Rigo placed the loaf against the horn of his saddle, freeing his hand to hover above a right gun holster.
'Now, mister. I've killed better men for lesser talk. You get back to the kitchen, you hear me? I'll take the bread by way of apology.'
'I'll take the dollar by way of payment.'
Rigo straightened in his saddle.
'There's another payment I like to make, baker. I call it a bullet.'
Worse reached up to stroke the mare.
'No way that would cover expenses. I'd need to take the beltfull, in fairness.'
Keff required time to take in Worse's response, then burst into laughter. He was silenced by a glare from Rigo, and quickly recovered his role.
'Baker, no one talks back smart to Mr Rigo. You upset Mr Rigo, you upset the brothers. And the Mortiss brothers, baker, they don't forgive and they don't forget. You got family, baker?'
Worse ignored him, whispering horse words to the mare but looking at Rigo, who was the first to break the silence.
'Know what I think, baker? We're gonna turn our beasts and ride away, with the bread, with the dollar, with the horse, and less one bullet if you raise objection.'
'And here's what I think,' said Worse. 'You turn away, get yourselves shot as thieving mongrels. I take the dollar, the horse and the cartridge belt for my trouble. You get the bread and a pauper's burial, and the town benevolent fund has the leftovers.'
'You telling me you shoot customers? That ain't good business.'
Rigo's eyes were darting around the shopfront, assessing his risk, checking for witnesses.

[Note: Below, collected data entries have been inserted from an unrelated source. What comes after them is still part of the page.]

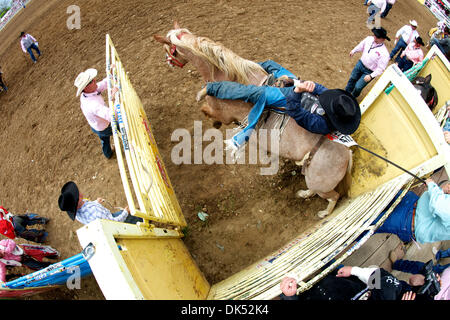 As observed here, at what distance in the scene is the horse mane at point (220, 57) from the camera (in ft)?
9.80

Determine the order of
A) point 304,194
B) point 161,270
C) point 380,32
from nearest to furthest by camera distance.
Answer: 1. point 161,270
2. point 304,194
3. point 380,32

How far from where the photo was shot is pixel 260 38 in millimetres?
5949

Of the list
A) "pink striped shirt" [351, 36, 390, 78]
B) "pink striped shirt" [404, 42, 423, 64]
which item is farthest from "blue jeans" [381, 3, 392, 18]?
"pink striped shirt" [351, 36, 390, 78]

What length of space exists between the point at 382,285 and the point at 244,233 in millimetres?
1883

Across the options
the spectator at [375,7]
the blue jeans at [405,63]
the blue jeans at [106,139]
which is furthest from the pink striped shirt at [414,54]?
the blue jeans at [106,139]

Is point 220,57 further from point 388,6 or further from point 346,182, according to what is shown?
point 388,6

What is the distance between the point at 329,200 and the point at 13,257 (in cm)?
424

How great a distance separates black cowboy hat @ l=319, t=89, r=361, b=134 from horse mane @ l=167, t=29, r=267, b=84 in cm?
99

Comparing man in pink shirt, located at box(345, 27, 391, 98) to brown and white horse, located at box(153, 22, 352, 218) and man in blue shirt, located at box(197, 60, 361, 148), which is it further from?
brown and white horse, located at box(153, 22, 352, 218)

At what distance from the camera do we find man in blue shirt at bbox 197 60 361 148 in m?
2.50

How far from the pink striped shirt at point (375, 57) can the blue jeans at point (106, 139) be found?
4.36 metres

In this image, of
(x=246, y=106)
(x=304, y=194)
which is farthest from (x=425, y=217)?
(x=246, y=106)

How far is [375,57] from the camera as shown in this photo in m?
4.21

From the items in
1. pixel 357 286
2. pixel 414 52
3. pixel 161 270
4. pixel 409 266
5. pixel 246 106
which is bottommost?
pixel 409 266
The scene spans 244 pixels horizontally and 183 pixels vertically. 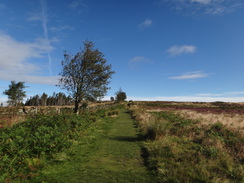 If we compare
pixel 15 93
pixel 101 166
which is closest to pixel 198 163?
pixel 101 166

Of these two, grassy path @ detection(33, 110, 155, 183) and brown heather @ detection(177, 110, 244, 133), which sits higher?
brown heather @ detection(177, 110, 244, 133)

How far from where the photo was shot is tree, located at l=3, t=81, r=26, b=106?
61.5 m

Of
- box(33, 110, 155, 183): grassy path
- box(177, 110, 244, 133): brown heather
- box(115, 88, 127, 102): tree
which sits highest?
box(115, 88, 127, 102): tree

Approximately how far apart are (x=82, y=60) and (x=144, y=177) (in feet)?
55.2

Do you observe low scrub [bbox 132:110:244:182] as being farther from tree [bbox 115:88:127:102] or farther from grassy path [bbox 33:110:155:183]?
tree [bbox 115:88:127:102]

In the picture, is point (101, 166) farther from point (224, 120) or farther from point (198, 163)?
point (224, 120)

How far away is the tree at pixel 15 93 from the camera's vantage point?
6150 centimetres

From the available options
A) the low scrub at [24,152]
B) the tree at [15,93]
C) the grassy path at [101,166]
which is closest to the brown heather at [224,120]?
the grassy path at [101,166]

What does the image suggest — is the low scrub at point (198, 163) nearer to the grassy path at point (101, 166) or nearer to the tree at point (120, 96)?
the grassy path at point (101, 166)

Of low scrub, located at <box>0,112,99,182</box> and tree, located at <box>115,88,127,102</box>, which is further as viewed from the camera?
tree, located at <box>115,88,127,102</box>

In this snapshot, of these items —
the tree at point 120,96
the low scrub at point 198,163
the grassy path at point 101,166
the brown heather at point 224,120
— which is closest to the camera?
the low scrub at point 198,163

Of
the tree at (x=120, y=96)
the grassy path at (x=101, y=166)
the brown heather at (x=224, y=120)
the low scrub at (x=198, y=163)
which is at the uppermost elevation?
the tree at (x=120, y=96)

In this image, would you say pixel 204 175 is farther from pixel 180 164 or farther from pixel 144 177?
pixel 144 177

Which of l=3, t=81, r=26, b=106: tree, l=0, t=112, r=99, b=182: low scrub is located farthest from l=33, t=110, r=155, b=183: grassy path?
l=3, t=81, r=26, b=106: tree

'I'm selective, obviously. Just uncivil folk like yourselves, to keep up the bakehouse tone. And discouraging non-payers makes sense because it cuts losses and simplifies bookkeeping, which is definitely good business. Plus it's effective deterrence. Plus it eliminates reoffenders. Whole of Dante knows. You should have come inside and read the conditions of purchase. Pay or die, in summary.'
'Fuck you, baker,' said Keff. 'Kill him, Rigo.'
'Think I might just do that,' said Rigo slowly, eyes now fixed on Worse. He backed his horse up a few paces, testing the situation. It offered Worse a clearer view of Keff, but he spoke to Rigo.
'Your mare's uneven shod on the right foreleg. Be tender before long.'
'You saying you're a farrier now, baker?' Keff's tone was mocking.
Worse answered without looking at him. 'I keep a forge alight, out back. All part of Dante's inferno services. Just don't try raising a gallop, or she'll fall lame.'
'You mind your bad mouth over my mount, mister,' said Rigo. Worse wrung his hands again, wiping flour onto the apron, at the same time loosening the tie at his waist.
'That'll now be two dollars, accounting for the delay and inconvenience, the expert veterinarian opinion, and the cost of conversation with the dimwitted across there.'
Keff looked stunned. Rigo continued staring, weighing up Worse. Eventually Keff found his place.
'You got a big mouth for a baker, mister. Kill him, Rigo.'
'I'm saying to you, baker, you make your peace real quick with the Lord, as there ain't no preacher hereabouts gonna help you along with a prayer of the departed,' said Rigo.
As if feeling the heat, Worse reached up to loosen his neck scarf, flicking it to the ground. Underneath was an ecclesiastical collar.
'Preacher says the baker's pure and deserving of Heaven. The Lord tells the preacher two sinners on horseback will appear, each impossibly more stupid than the other, riding to the Inferno. The Lord wants only the horses spared. He's very particular: only the horses.'
Rigo and Keff stared at Worse.
'That'll be four dollars, being just two extra for the words of the Almighty.'
Rigo and Keff were silent.
Worse rubbed his hands together, then clapped, creating a small cloud of flour dust. 'There's something you may not know about flour.'
Rigo's right hand now rested within a fist length of his revolver. 'And what might that be, preacher?'
'Well, with all the understandable God-fearing nervousness and such, the shakes, the sweating and the like, it gives a better pistol grip on that lady-type pearl inlay you've got there.'
As he spoke, he casually pulled the apron sling forward over his head. 'I'd dust up my right hand, if I were you.'
Rigo's gun hand flinched slightly, and he moved it forward to rest on his thigh. Worse knew that he was drying his palm.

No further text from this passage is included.